▶ _Problem statement_:
Beginning with the line where "Generic Brand Cartoon" appears, set down each line exactly until the records below end, and omit the pictures.

***** Entries supplied

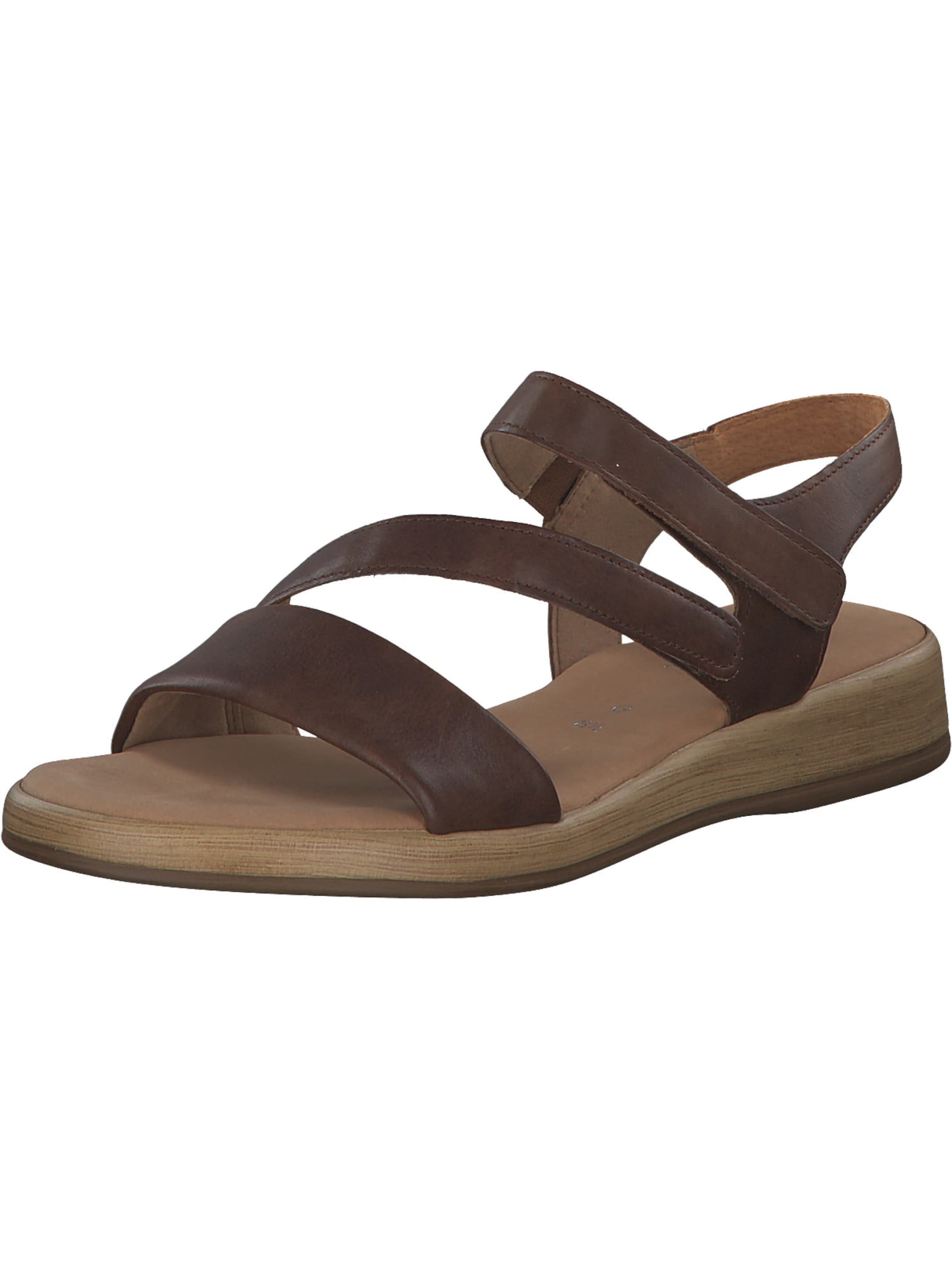 GABOR Sandaal 'Comfort' in Bruin: voorkant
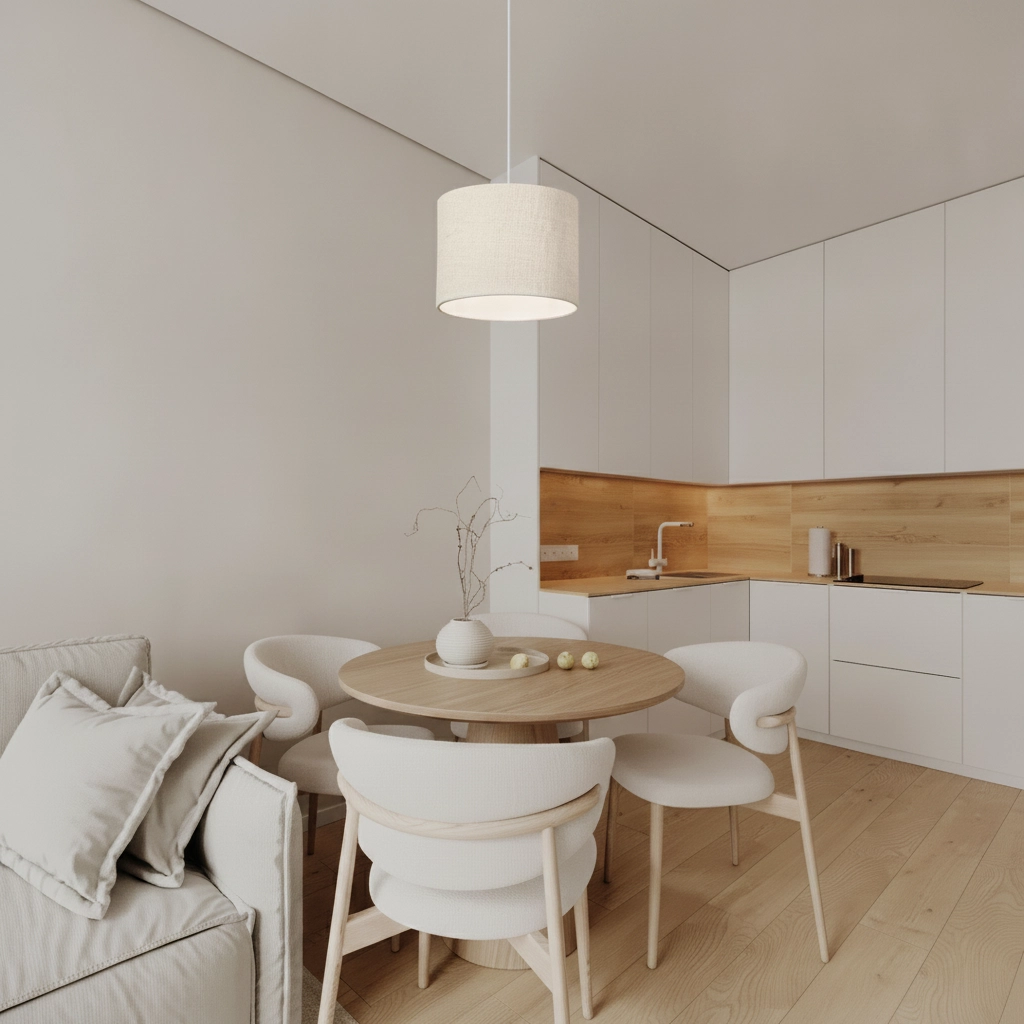 Linen pendant lamp Karen Ø 30cm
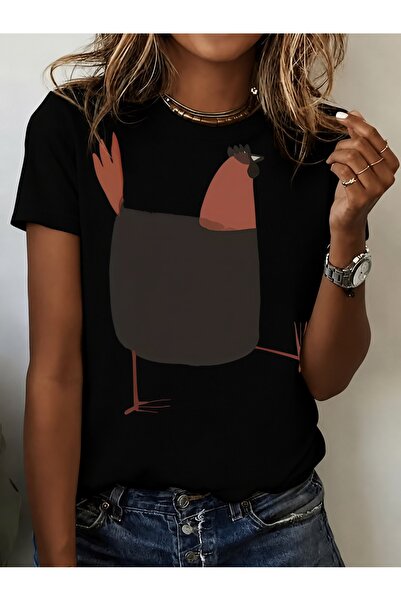 Generic Brand Cartoon Chicken with Big Body,casual wear,everyday essential,sh...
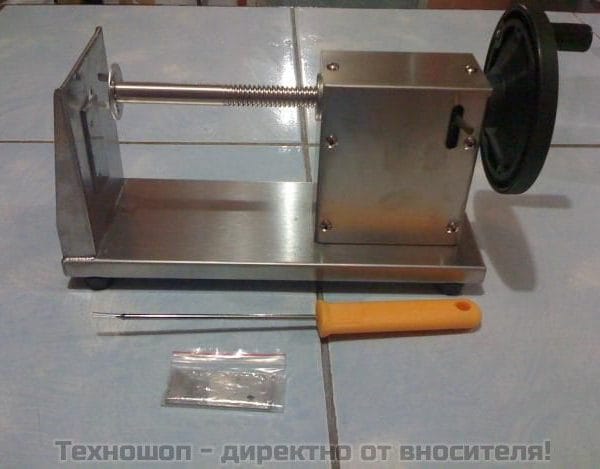 МАШИНА ЗА КАРТОФЕНИ СПИРАЛИ "ТОРНАДО КАРТОФИ"-  ХРУПКАВИ КАРТОФЕНИ СПИРАЛИ - "КАРТОФ НА ШИШ"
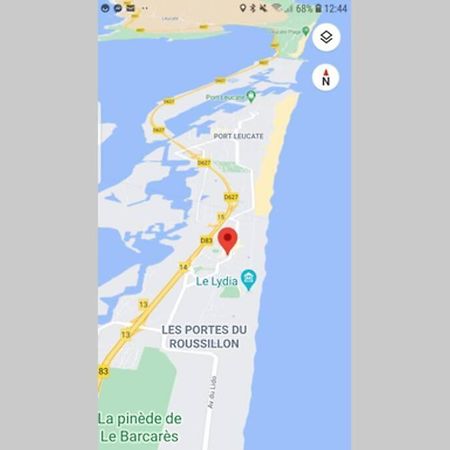 T2, Vue Sur Mer, Terrasse, Parking Prive Le Barcares Exterior photo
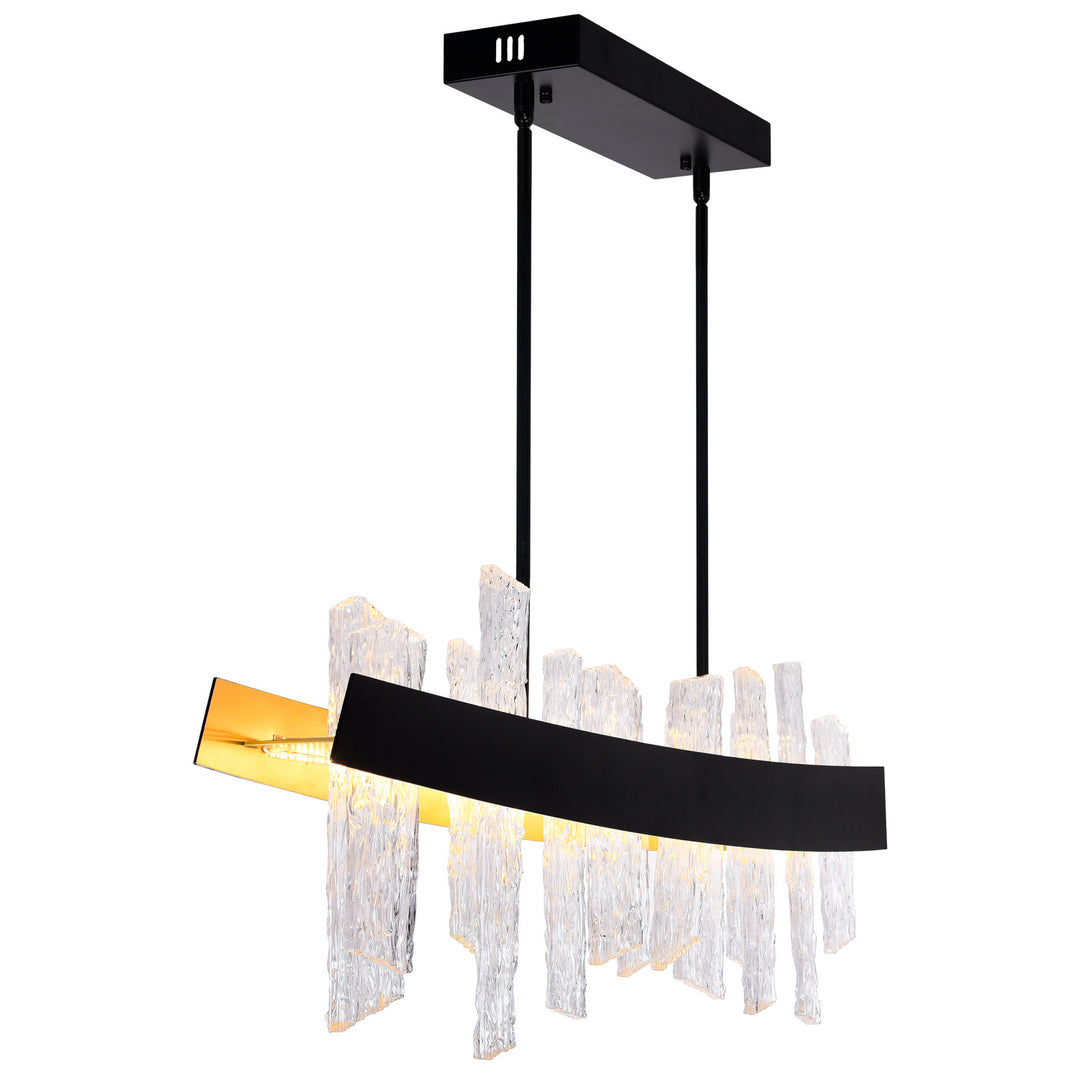 CWI Lighting Canada - 1246P39-101 - LED Chandelier - Guadiana - Black & Satin Gold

**********

▶ _Problem solution_:
 Generic Brand Cartoon Chicken with Big Body,casual wear,everyday essential,sh...
 МАШИНА ЗА КАРТОФЕНИ СПИРАЛИ "ТОРНАДО КАРТОФИ"-  ХРУПКАВИ КАРТОФЕНИ СПИРАЛИ - "КАРТОФ НА ШИШ"
 T2, Vue Sur Mer, Terrasse, Parking Prive Le Barcares Exterior photo
 CWI Lighting Canada - 1246P39-101 - LED Chandelier - Guadiana - Black & Satin Gold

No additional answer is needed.